File metadata and controls

90 lines (62 loc) · 5.73 KB

manual-approve-with-github-actions

This directory contains Terraform code that shows how to use databricks-department-clusters to create Databricks resources, together with CI/CD pipeline that demonstrate how to validate pull request changes before applying them & using approvals before deploying changes to production system. Please note that existing Terraform code is cross-platform and could be deployed to a Databricks workspace at any supported cloud.

Workflow

The general workflow looks as following:

Workflow

  • Changes to code in this directory or in the module are made in a separate Git branch & when changes are ready, a pull request is opened
  • Upon opening of the pull request, the build pipeline is triggered, and following operations are performed:
    • Initializes Terraform using a remote backend to store a Terraform state.
    • Perform check of the Terraform code for formatting consistence.
    • Performs check of the Terraform code using terraform validate.
    • Executes terraform plan to get the list changes that will be made.
  • If build pipeline executed without errors, results of terraform plan and code could be reviewed by reviewer, and merged into the main branch.
  • When code is merged into the main branch, the release pipeline is triggered, and after a manual approval, changes are applied to the deployment using the terraform apply command.

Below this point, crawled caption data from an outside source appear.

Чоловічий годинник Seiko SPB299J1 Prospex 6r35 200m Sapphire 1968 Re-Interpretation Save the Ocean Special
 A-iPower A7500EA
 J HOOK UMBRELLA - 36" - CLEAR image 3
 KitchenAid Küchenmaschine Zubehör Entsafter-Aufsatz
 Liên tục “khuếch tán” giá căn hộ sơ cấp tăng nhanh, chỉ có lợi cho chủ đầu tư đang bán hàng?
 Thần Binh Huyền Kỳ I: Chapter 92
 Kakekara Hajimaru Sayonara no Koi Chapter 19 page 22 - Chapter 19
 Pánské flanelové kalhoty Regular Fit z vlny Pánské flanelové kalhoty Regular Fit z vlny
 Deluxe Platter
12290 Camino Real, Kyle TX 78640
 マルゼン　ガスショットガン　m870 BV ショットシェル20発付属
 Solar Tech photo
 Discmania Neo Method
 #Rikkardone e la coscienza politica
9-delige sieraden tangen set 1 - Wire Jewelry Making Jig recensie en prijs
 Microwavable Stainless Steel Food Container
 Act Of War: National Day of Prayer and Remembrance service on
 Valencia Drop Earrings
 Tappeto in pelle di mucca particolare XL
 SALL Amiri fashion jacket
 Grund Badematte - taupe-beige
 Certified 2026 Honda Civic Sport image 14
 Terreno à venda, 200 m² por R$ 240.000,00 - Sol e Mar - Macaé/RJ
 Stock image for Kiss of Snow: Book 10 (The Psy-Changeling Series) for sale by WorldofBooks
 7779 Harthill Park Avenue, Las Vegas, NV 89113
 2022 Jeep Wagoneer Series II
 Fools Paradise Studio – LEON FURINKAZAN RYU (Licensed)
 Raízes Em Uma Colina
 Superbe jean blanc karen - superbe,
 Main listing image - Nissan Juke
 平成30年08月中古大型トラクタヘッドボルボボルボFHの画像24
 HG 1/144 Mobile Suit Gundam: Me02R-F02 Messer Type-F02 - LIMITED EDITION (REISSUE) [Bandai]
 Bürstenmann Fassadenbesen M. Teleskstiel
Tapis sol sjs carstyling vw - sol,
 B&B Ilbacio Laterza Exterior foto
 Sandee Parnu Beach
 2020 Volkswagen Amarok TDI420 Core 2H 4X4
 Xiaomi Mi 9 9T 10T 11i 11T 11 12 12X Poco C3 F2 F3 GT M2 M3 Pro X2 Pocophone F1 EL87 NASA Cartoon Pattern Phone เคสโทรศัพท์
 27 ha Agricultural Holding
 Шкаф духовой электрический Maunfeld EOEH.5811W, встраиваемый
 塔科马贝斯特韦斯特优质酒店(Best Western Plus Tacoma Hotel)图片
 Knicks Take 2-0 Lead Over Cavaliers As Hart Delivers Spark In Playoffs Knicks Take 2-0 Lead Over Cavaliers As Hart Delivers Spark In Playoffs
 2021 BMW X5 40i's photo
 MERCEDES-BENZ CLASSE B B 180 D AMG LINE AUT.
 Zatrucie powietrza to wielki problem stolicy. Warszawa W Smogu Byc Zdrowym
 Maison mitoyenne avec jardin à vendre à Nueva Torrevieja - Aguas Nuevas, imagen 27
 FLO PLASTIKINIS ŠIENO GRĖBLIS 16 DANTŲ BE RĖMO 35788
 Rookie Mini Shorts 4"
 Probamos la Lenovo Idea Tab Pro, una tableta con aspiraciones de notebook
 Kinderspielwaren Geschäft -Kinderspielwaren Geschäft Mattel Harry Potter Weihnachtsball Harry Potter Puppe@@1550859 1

As result of the pipeline execution, following resources will be created:

  • A user group for a department with specific users added to it
  • A shared Databricks cluster that could be used by users of the group
  • A Databricks SQL Endpoint
  • A Databricks cluster policy that could be used by the user group

Configuring Terraform code

You can customize this project by modifying the terraform.tfvars file that defines following variables necessary for the databricks-department-clusters module:

  • cluster_name - Name of the shared cluster to create
  • department - Department name
  • group_name|Name of the group to create|string||yes|
  • user_names - List of users to create in the specified group
  • tags - Additional tags applied to all resources created

Configuring Github Actions pipeline

As described above, we need two jobs in the Github actions workflow:

  • Build job is responsible for validation of changes in pull request. It is triggered by any new pull request event on the main branch.
  • Release job is responsible for deploying the changes:

In order to use this pipeline, we have two prerequisites:

  • Create a Service Principale and grant it one of the following permissions:
    • Contributor access to the Azure Databricks workspace and blob contributor access to the storage account used for the remote state.
    • Contributor access to the resource group containing both the Azure Databricks workspace and the storage account.
  • Store credentials for the Service Principale and the Databricks workspace where ressources will be deployed.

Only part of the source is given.